* EXERCISE DESCRIPTION *
The data must be reproduced verbatim; images are to be omitted.

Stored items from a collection
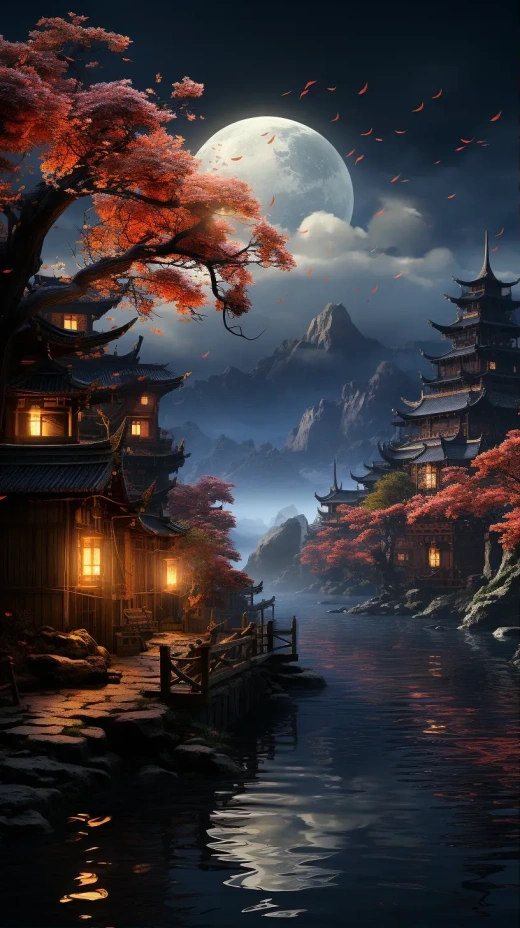 真實拍攝，8K超高清畫質，江南水鄉傳統中式建筑，湖邊楓樹旁漁船，月色朦朧，繁星閃爍，夜幕下植物高清。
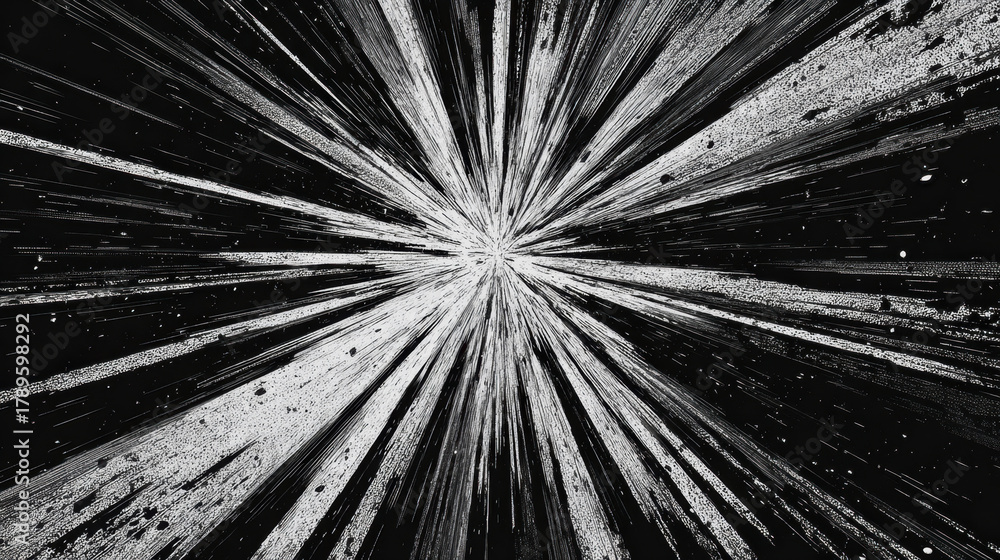 Obraz premium Explosive Starburst Abstract Lines Texture in Black and White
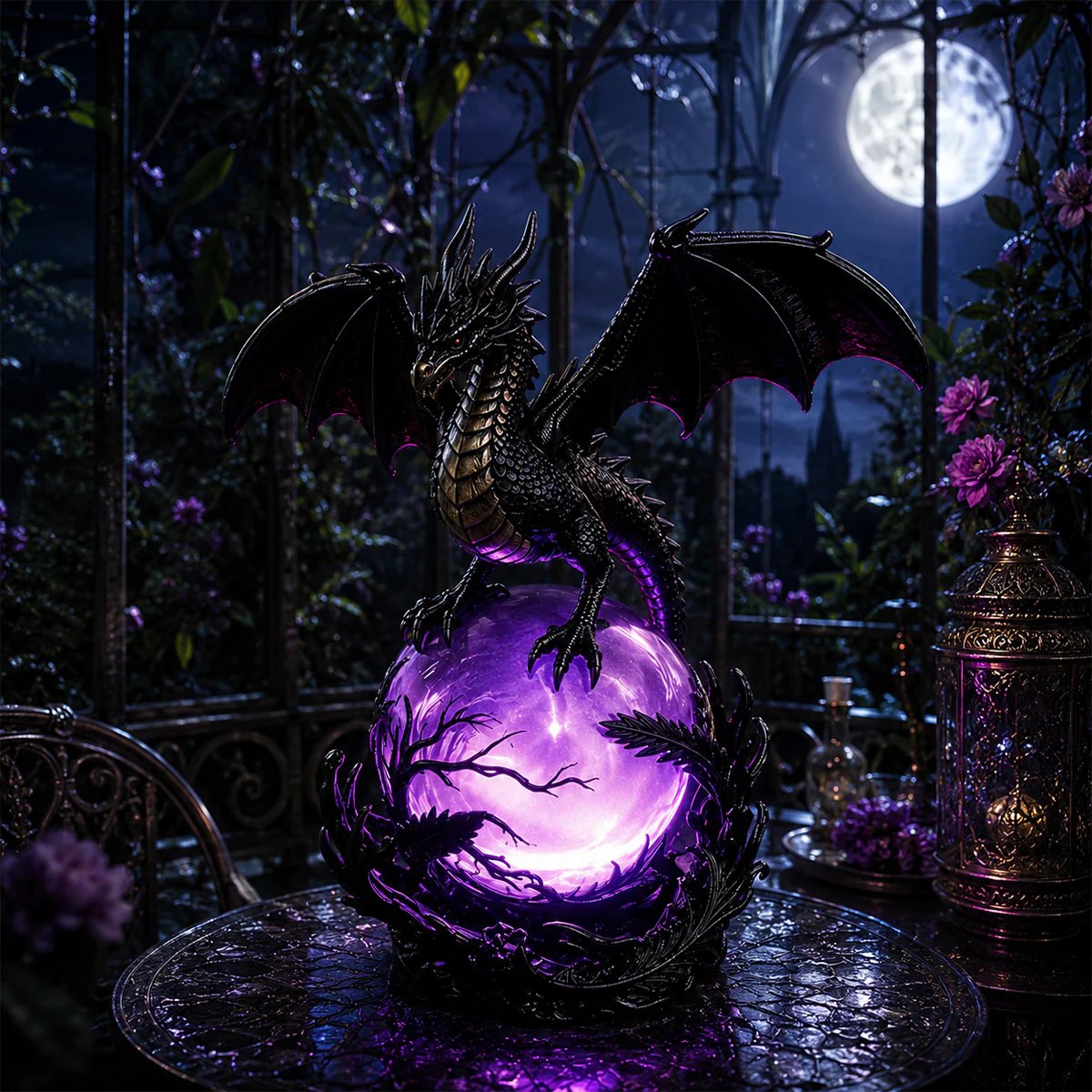 🔮Gotische draken-LED-kristallenbol voor een donkere, esthetische inrichting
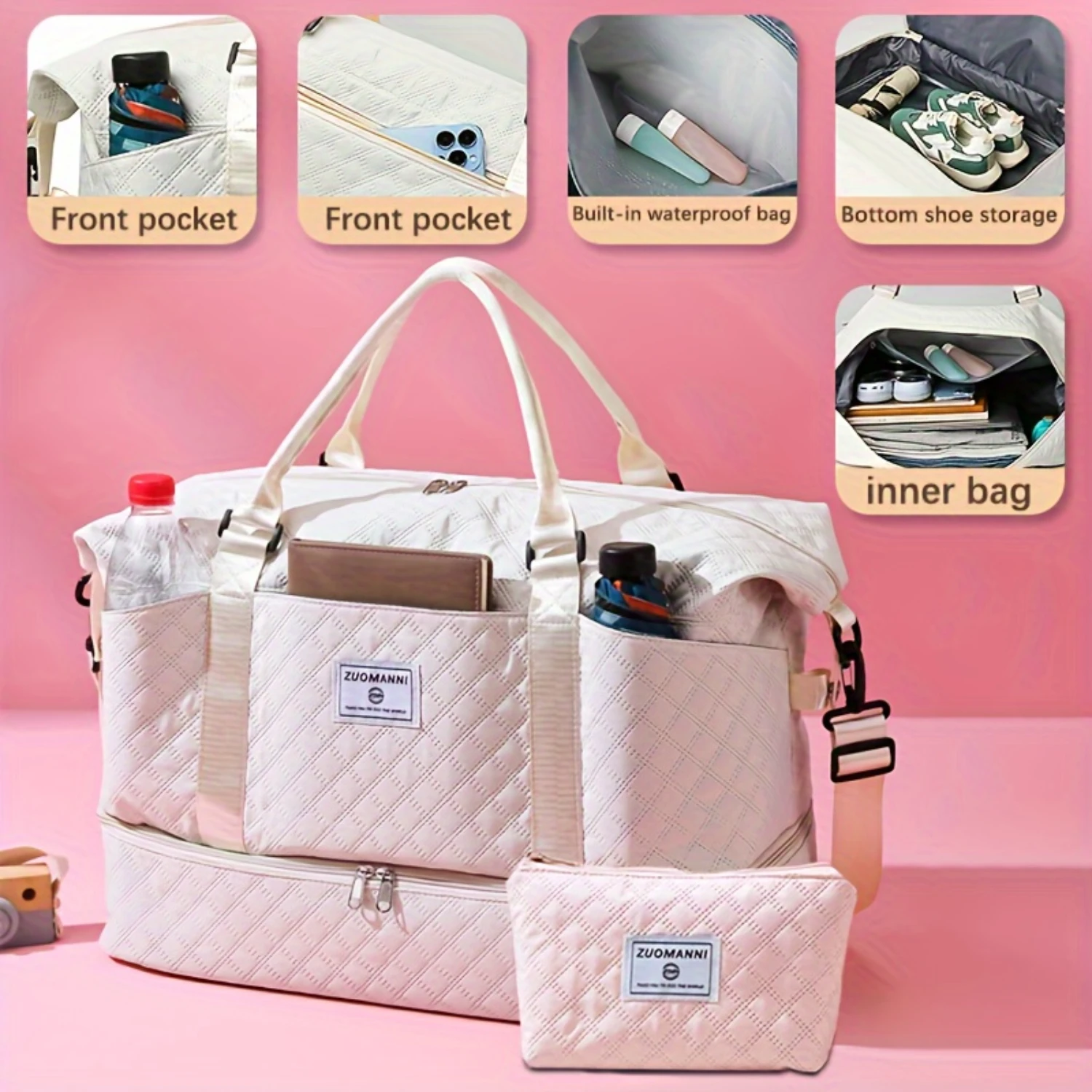 2PCS Argyle Pattern Duffle Bag & Cosmetic Case Set-Spacious Gym Bag with Shoe Compartment, Ultra-Portable Travel Luggage featu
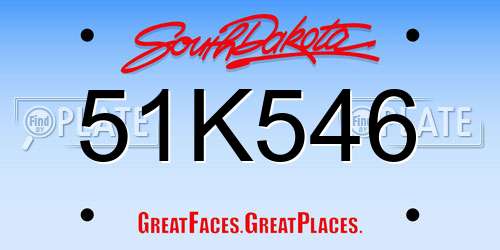 51K546 South Dakota License Plate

* RESPONSE BOX *
 真實拍攝，8K超高清畫質，江南水鄉傳統中式建筑，湖邊楓樹旁漁船，月色朦朧，繁星閃爍，夜幕下植物高清。
 Obraz premium Explosive Starburst Abstract Lines Texture in Black and White
 🔮Gotische draken-LED-kristallenbol voor een donkere, esthetische inrichting
 2PCS Argyle Pattern Duffle Bag & Cosmetic Case Set-Spacious Gym Bag with Shoe Compartment, Ultra-Portable Travel Luggage featu
 51K546 South Dakota License Plate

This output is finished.